The exhibitors at the Hampton Court Palace Flower Show have ten days in which to install their gardens on a bare plot of earth and make them look like they have always been there. Prior to those ten days, months of preparation have taken place, from the development of the design, to the growing of the plants, to the careful manipulation of the buds so that they look their best and flower at just the right time. The amount of preparation is staggering, but the results are a hundred times worth the effort.

Besides seeing inspirational gardens, the show is, simply, a great way to spend a day. You will see conceptual gardens that are like nothing that you would ever have built for yourself, gardens containing flowers pouring out of enormous cans, gardens made up of an un-mown field or a heap of sand covered in pitchforks. They all have meaning to the designer, but I have to admit, the point of some of those escape me.

The other gardens, however, are more down-to-earth (definitely a pun there) and are brimming with ideas to take home. Perhaps after having my mind challenged by the conceptual gardens in a sort of horticultural warm-up, it was more open to the ideas in the other gardens, and I found many of the others genuinely inspiring. There was one garden called the “Forgotten Folly”- a small, shady garden complete with a stream, an iron fence, and a piece of a castle ruin, which, despite the crowds around it, remained quiet and peaceful due to the choice of flower colors and materials used. Further down the path was a modern garden, with a rill, stuccoed walls, and a full kitchen, complete with seating for six and a bottle of wine chilling in the rill. A stark contrast to the Folly, but extremely inviting in its own way. And the delights went on and on.

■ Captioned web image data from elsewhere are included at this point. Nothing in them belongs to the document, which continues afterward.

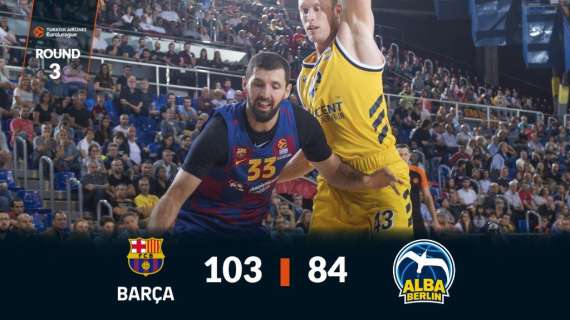 EuroLeague - Il Barcelona ne segna 103 e supera l'Alba Berlino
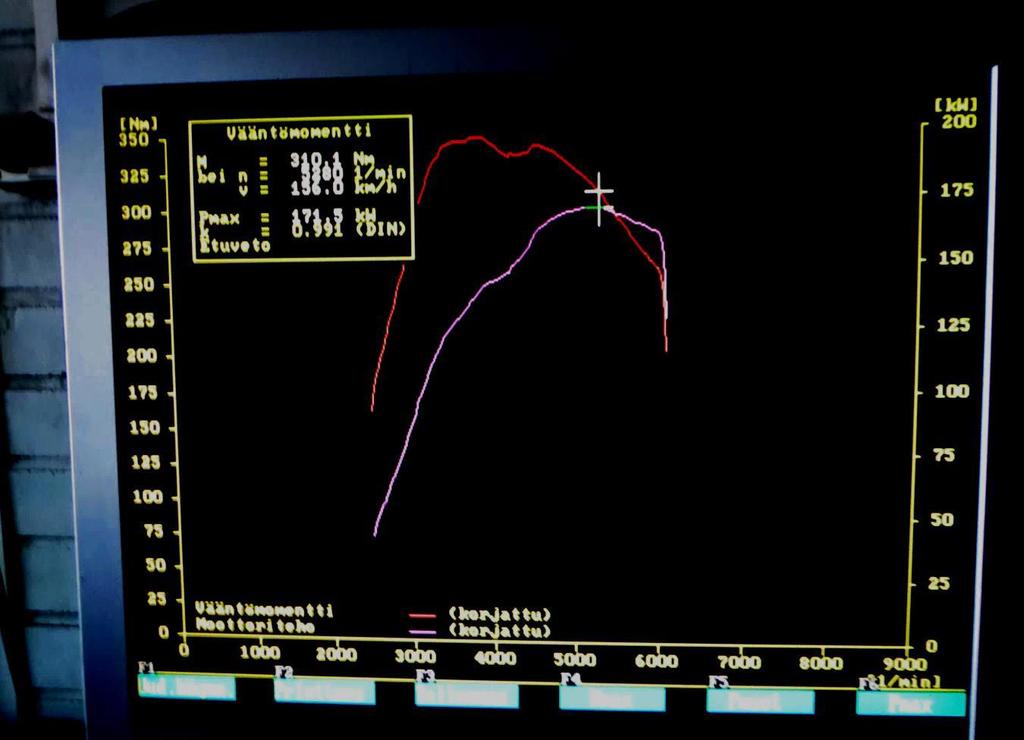 24 Kuva 17. Moottorin teho- ja vääntömomenttikäyrä Kuva 18.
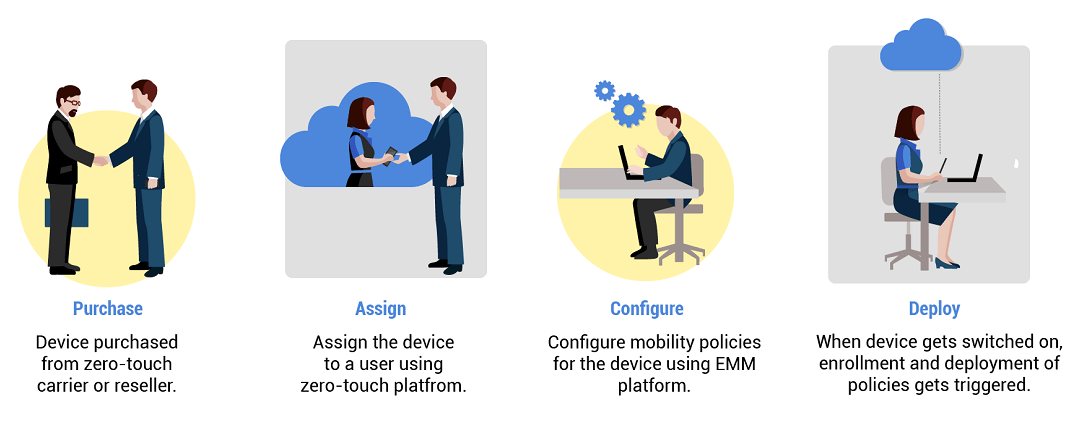 Android: Creating The Touch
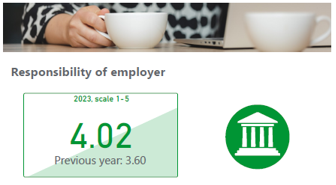 We asked our staff about discrimination, bullying, meaningfulness of work, balance between work and family life, equality, encouraging personal development. This formed our responsibility score.We are happy to see this positive development 2023 👉 hubs.li/Q02rt9M80 #Molok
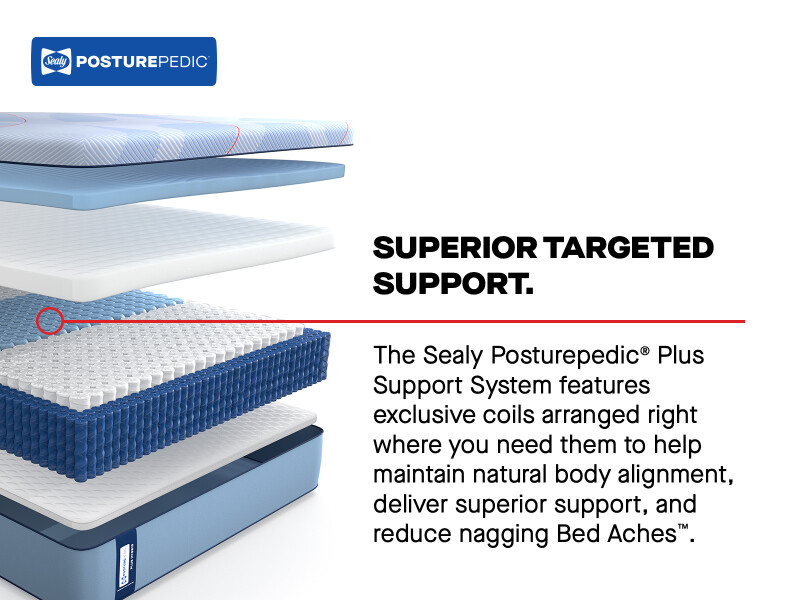 Plainfield Medium Split Cal King 53236132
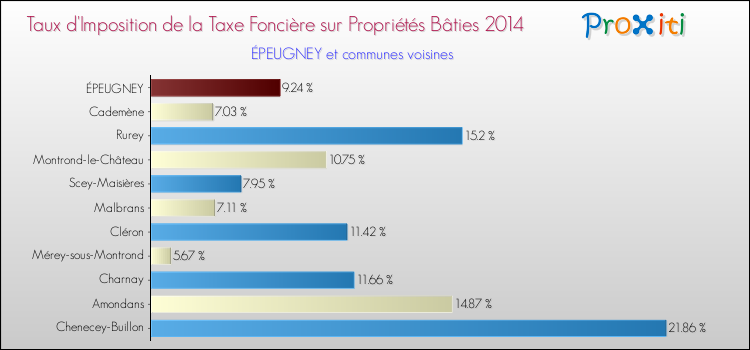 Taux d'imposition de la taxe foncière sur le bati 2014 pour ÉPEUGNEY et les communes proches Comparaison des taux d'imposition de la taxe foncière sur le bati 2014 pour ÉPEUGNEY et les communes voisines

Most of the show gardens have volunteers who are happy to answer questions about specific plants, and many offer brochures with plant lists. If you want to recreate a certain combination of plants at home you can buy them then and there, as there is also a large nursery stocked to the gills with “show flowers”. Me, I fell in love with a smoky orange rose called “Hot Chocolate”, which looks like it belongs in an old fashioned vase on a lacy tablecloth, in front of a diamond-paned window through which dust motes dance in the light. Sadly, we aren’t allowed to bring plants into the US from the UK, but I suppose that’s a good thing. Six hours on a plane with a rose on your lap probably wouldn’t be much fun, especially when the person in front of you decides to recline…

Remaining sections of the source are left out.